Ziba is mentioned in three places. In 2 Samuel 9, David speaks to him and tells him how Mephibosheth will be his master. In 2 Samuel 16, when David flees Jerusalem after Absalom's conspiracy, Ziba comes to David with provisions, and claims that Mephibosheth has broken faith with David. David responds by giving all that belonged to Mephibosheth to Ziba instead.
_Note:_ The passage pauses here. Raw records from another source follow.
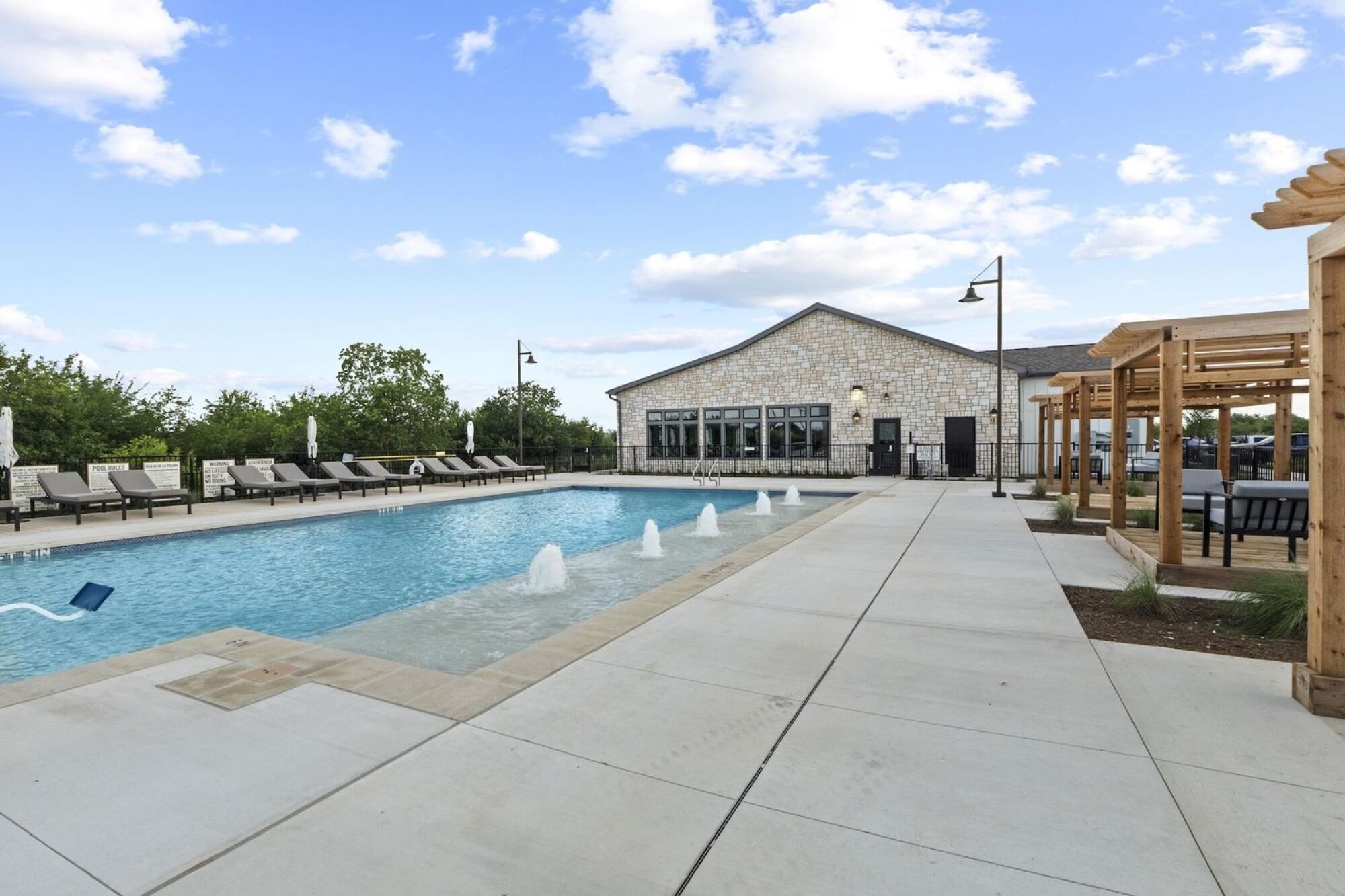 Outdoor Pool with Sundeck at Allers Landing in Austin TX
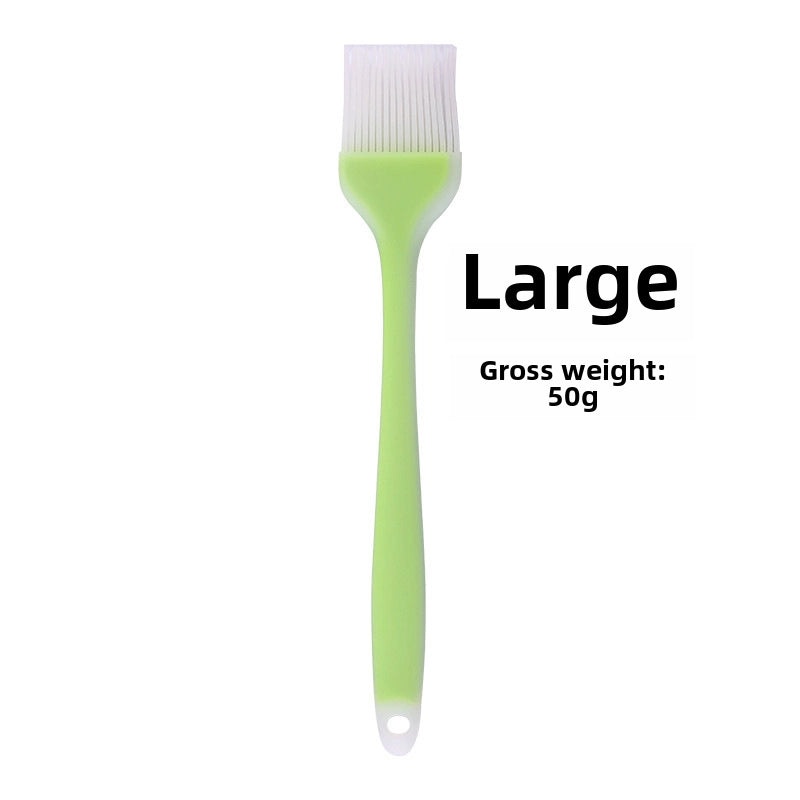 Silicone Oil Brush and Scraper for Baking One-piece Cake Cream Spatula Barbecue Brush Multipurpose Kitchen Tool|Kitchen Tools & Gadgets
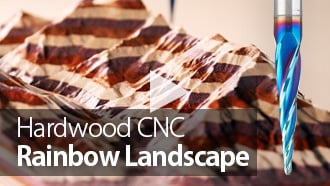 Projet CNC : Usinage d'un paysage arc-en-ciel en bois dur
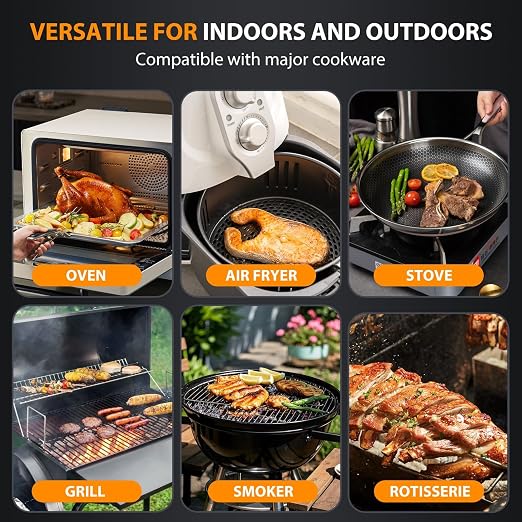 Wireless Meat Thermometer Digital, 1 Probe Bluetooth Thermometer | Smart App & Standalone Display Base, NIST ±0.5°F, Instant Read LCD, BBQ Smoker Grill Oven, Brisket Steak Turkey Pork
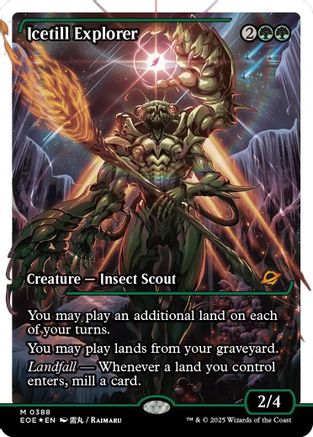 Icetill Explorer (Showcase) (Fracture Foil) (388) [Edge of Eternities] foil - Deck Out Gaming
Finally, in 2 Samuel 19, when David returns to Jerusalem, Mephibosheth tells David that Ziba had been lying, David responds by saying "You and Ziba shall divide the land."
David seems not to know whom to believe, but most commentators have concluded that Ziba was lying in order to "make himself appear to be the only loyal subject worthy of David's benefactions, and of title to Saul's property."[1]
Ziba had fifteen sons, and although he was a servant of the house of Saul, he had twenty servants of his own (2 Samuel 9:10).
Ziba is mentioned in Daniel Defoe's 1701 satirical poem, "The True-Born Englishman":[2]
First-born of treason, nobly did advance
His master's fall for his inheritance,
By whose keen arts old David first began
To break his sacred oath to Jonathan:
The good old king, 'tis thought, was very loth
To break his word, and therefore broke his oath.
References
- ^ Robert Alter, The David Story (New York: W. W. Norton, 2000), p. 291.
- ^ Defoe, Daniel. "The True-Born Englishman". Luminarium.